Note: I want to do this within a single query.
The basic idea here is to $unwind the array, $group the document and then apply to each array member. This works better for MongoDB 2.6 or greater due to the $map operator:
db.collection.aggregate([
{ "$unwind": "$array" },
{ "$group": {
"_id": "$_id",
"array": { "$push": "$array" },
"total": { "$sum": "$array.value" }
}},
{ "$project": {
"array": {
"$map": {
"input": "$array",
"as": "el",
"in": {
"value": "$$el.value",
"prop": {
"$divide": [ "$$el.value", "$total" ]
}
}
}
}
}}
])
Or with earlier versions:
db.collection.aggregate([
{ "$unwind": "$array" },
{ "$group": {
"_id": "$_id",
"array": { "$push": "$array" },
"total": { "$sum": "$array.value" }
}},
{ "$unwind": "$array" },
{ "$group": {
"_id": "$_id",
"array": {
"$push": {
"value": "$array.value",
"prop": {
"$divide": [ "$array.value", "$total" ]
}
}
}
}}
])
In either case, if you are not actually "aggregating" anything beyond the document, it is far more efficient to do this calculation in client code.
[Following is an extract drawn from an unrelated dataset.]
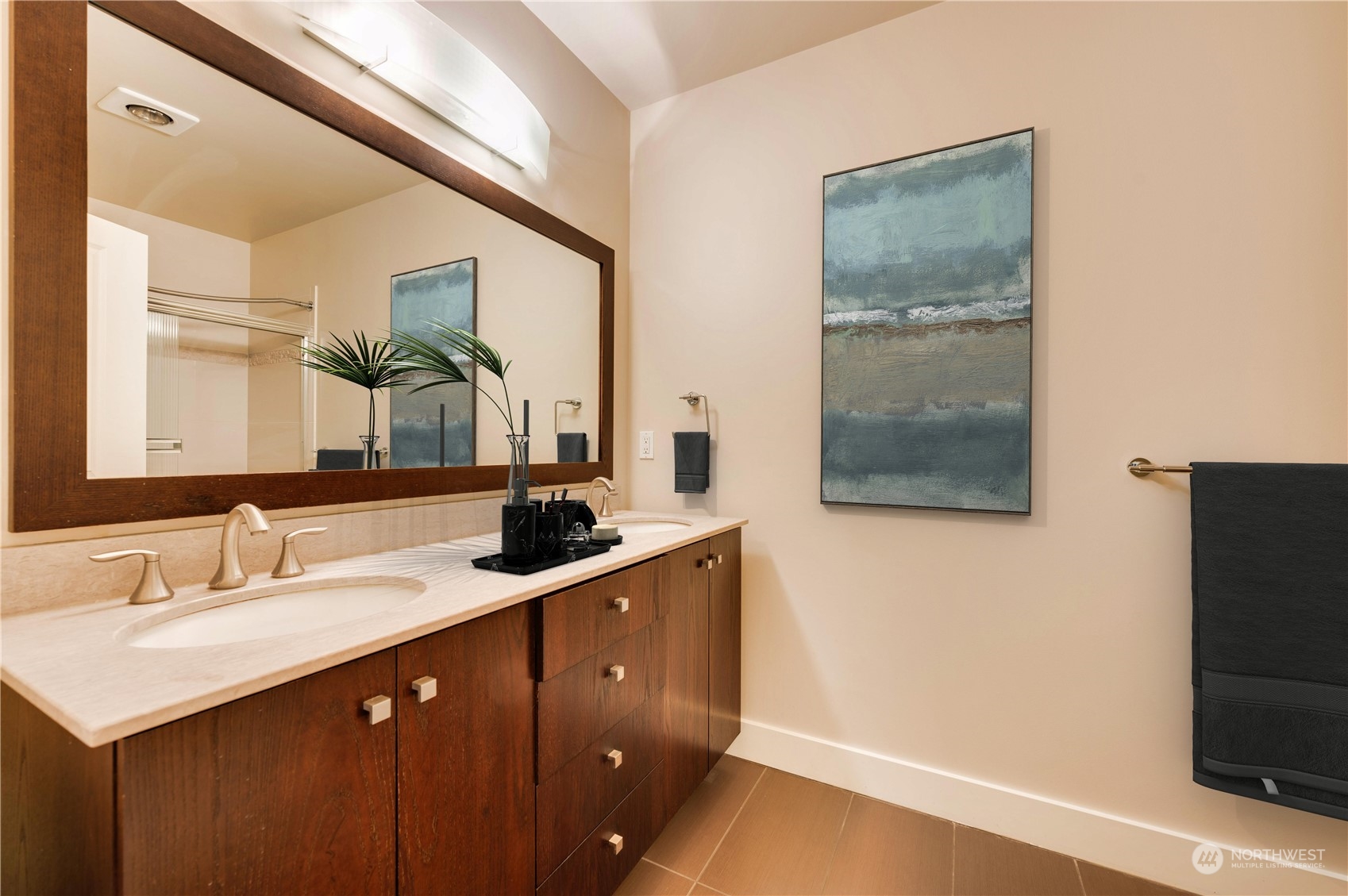 Fabulous primary double vanity full bath.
The $unwind here can get very costly due to what it does.
Also if you just stored the "total" as another element, then the simple $project is all that you need, which comes at very little cost by itself. Keeping a total on updates is just simple usage of the $inc operator as you $push new elements to the array.
Here is the aggregation pipeline you need:
[
{$unwind: '$array'},
{
$group: {
_id: '$_id',
array: {$push: '$array'},
sum: {$sum: '$array.value'}
}
},
{$unwind: '$array'},
{
$project: {
_id: 1,
'array.value': 1,
'array.proportion': {
$divide: ['$array.value', '$sum']
}
}
}
]